There is huge tax evasion as measured by the tax gap, which also reduces the redistribution power of direct taxation. For instance, the direct tax gap was estimated to be around 143 per cent of actual direct tax revenues of Rs183.1 billion in 2004-05. In another study, the tax gap was estimated to be 97 per cent of actual receipts of salaried taxpayers, and 15 per cent of actual receipts of non-salaried taxpayers. This amounts to a tax gap of 27 per cent of individual tax revenues and three per cent of federal tax revenues in 2007-08. Likewise, the corporate tax gap was estimated to be about 218 per cent of the actual corporate income tax payments for 2007-08.
The informal economy is another factor that is weakening the redistribution power of direct taxation. The size of this economy was estimated to be 30 per cent of the total size of the economy in 2009-10. As long as the money continues changing hands in the informal economy, fiscal policy would largely remain ineffective in redistribution of income.
A long list of exemptions in the income tax law also favours wealthy people. Taxation of agricultural income is virtually exempted. About Rs70 billion in income tax revenue was lost due to various exemptions on account of income tax during 2011-12. The government provided subsidy to the tune of about four per cent of GDP during 2007-08, largely to the power sector, but the country is unable to cope with the electricity shortage.

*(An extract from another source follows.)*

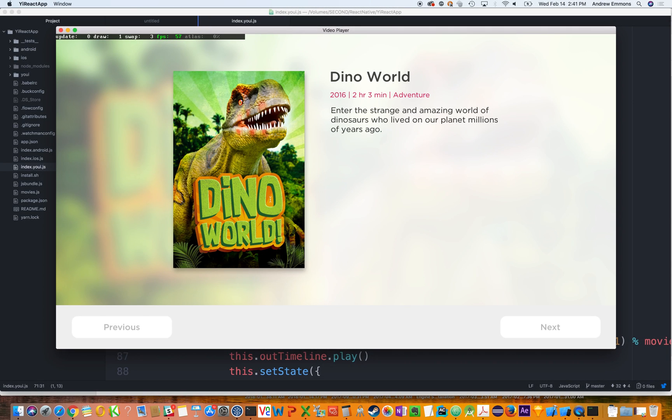Hey there, this is Andrew Emmons, VP of Product at UITV. We're here today to talk about what our designer workflow looks like in a React Native world.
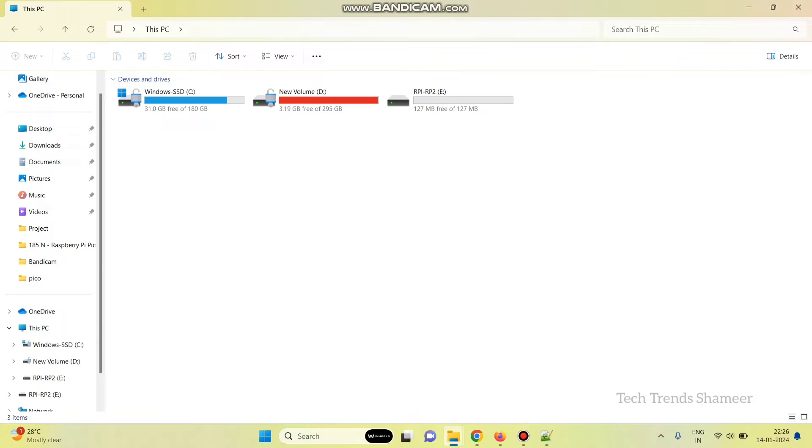After power on, the board will run in the boot mode. Now, we can see a new drive in the computer. Now, we need to copy the binary file to this drive.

Last but not the least, there is no levy on inheritance, wealth or gifts in the country. The absence of such a levy has certainly aggravated the problem of income inequality. As long as there is no inheritance tax, a few big landlords and wealthy people would continue to see their wealth blooming.
In advanced economies, inherence tax collection is sizeable. For instance, in Japan, inheritance tax revenue was 3.5 per cent to total tax collection during 2012-13.